Brush the shoe with a suede brush. You can buy these brushes at most places that sell shoe-cleaning supplies. Brushing faux suede loosens dirt and stains from the nap (the soft fibres). Many times, this brush may be all you require to sufficiently clean faux-suede shoes. Whether they appear dirty or not, as a rule you should brush them once a week to raise the nap (if you wear the shoes daily) and keep dirt from settling it.
Use a slightly dampened cloth (lint-free) and a synthetic shoe cleaner or a mild soap (hand soap, for example; or if the stain is oil-based, a degreasing dish soap) to clean heavily soiled areas. Test the cleaner near the heel, or in another less-noticeable spot first to make sure the dyes don't fade. Rub the stain gently with the soapy cloth.

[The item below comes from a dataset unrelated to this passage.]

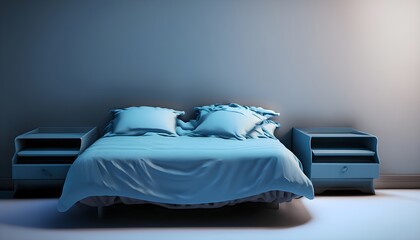 interior of a bedroom, bed covered in a blue sheet next to a wall in a bedroom, luxury home, AI Generated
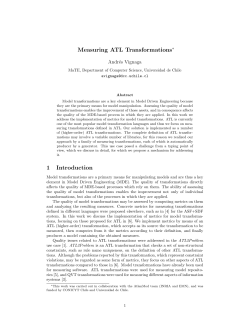 Measuring ATL Transformations 1 Introduction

Blot the stain with a dry, clean cloth. Keep dabbing at it with the wet, soapy cloth, and then blotting with the dry cloth, until the stain is removed.
Allow the shoe to air-dry. When it has dried, brush it with the suede brush again to raise the nap.
Prevent future stains by using a stain- and water-repellent spray on the shoe. Spray from at least a foot away so that the chemical is evenly distributed over the shoe. Otherwise, the spray may concentrate in some areas, causing dark spots.
Your faux-suede shoes may require special treatment other than spot cleaning. Always check the manufacturer's instructions before cleaning your shoes with products other than a suede brush.